Milwaukee Bucks executive Alex Lasry, left, withdrew from the Democratic Senate primary Wednesday afternoon and endorsed Lt. Gov. Mandela Barnes. | Mike De Sisti/Milwaukee Journal-Sentinel via AP
07/27/2022 11:36 AM EDT
Updated: 07/27/2022 04:49 PM EDT
Democrats hoping to flip Wisconsin’s Senate seat got a boost Wednesday when one of the party’s leading candidates bowed out and endorsed a rival, virtually clearing the field ahead of an expensive, hotly contested general election.
Milwaukee Bucks executive Alex Lasry withdrew from the Democratic Senate primary Wednesday afternoon and endorsed Lt. Gov. Mandela Barnes to take on Republican Sen. Ron Johnson.
His departure from the race leaves a nearly open path for Barnes to capture the nomination in the Aug. 9 primary.
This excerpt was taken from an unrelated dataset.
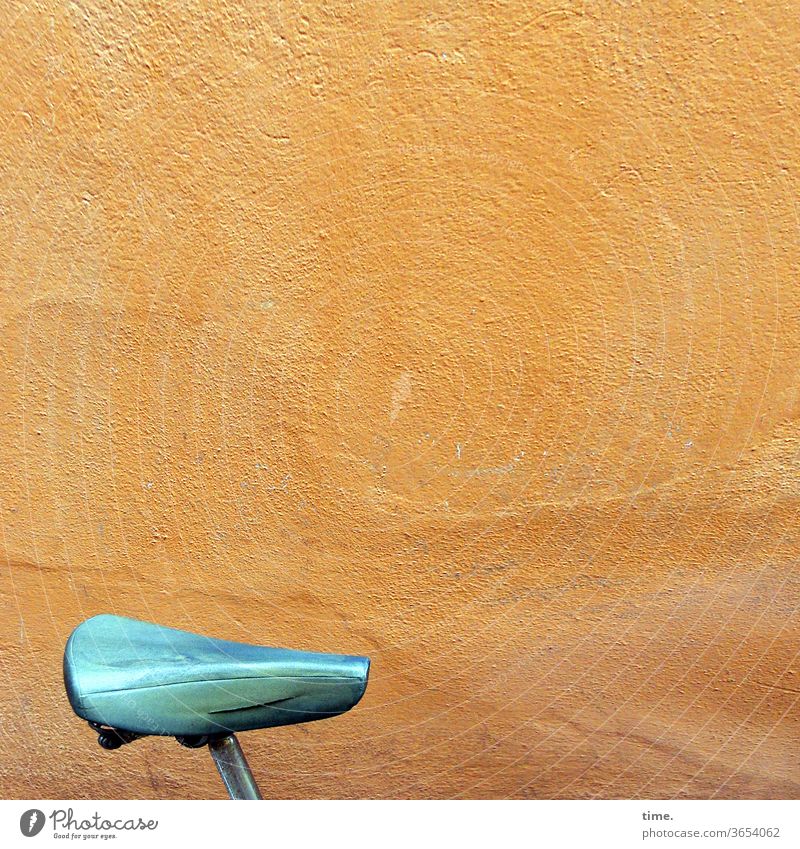 urban mobile future Bicycle saddle Wall (building) Wall (barrier) Old Trashy Plaster Orange Yellow cyan Saddle Seat shine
Lasry, who loaned his campaign more than $12 million, has been Barnes’ top opponent for months.
Democrats welcomed the bombshell news, arguing that it will give Barnes a head start against Johnson in one of the most pivotal Senate races in the country and aid his fundraising operation. Johnson has $3.6 million in the bank as of the latest campaign finance reports, compared to Barnes’ $1.5 million.
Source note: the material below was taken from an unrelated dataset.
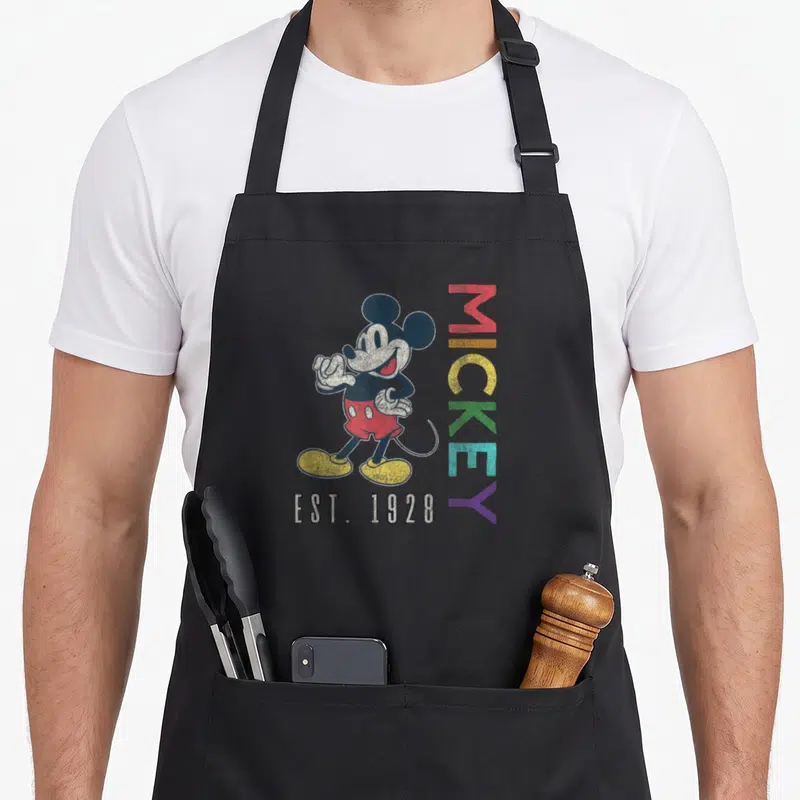 Est rainbow apron - Mickey Mouse standing next to vertical rainbow MICKEY text and EST. 1928 below — shown on a black cotton canvas apron against a white background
Wisconsin is the last big question mark left for Senate Democrats in terms of setting their candidate lineup, and Barnes’ likely win means the party has its candidate roster all-but set for the general election.
“I don’t think there’s any question it helps,” said Joe Zepecki, a Wisconsin-based Democratic strategist. “Any time there’s a contested primary, you figure it’s going to take a couple days to put everybody back together. Because of how late our primary is, the faster you can get that done, the better. The other thing that I think is really important is this sends a signal to donors that they can now coalesce as well.”
Lasry is the second Democratic candidate to step aside from the race this week. Tom Nelson, county executive of Outagamie County, suspended his bid two days ago and threw his weight behind Barnes. The only major Democrat remaining in the race, state Treasurer Sarah Godlewski, has been polling in the single digits.
“We’ve been saying since day one, the most important thing that we can do for Wisconsin is to get rid of Ron Johnson,” Lasry said in his first interview about the news. “I firmly believe that if there was no path to victory, the best thing to do is to make sure that we can as early as possible rally around a nominee so that we can spend every second that we have making sure that we’re working toward that goal.”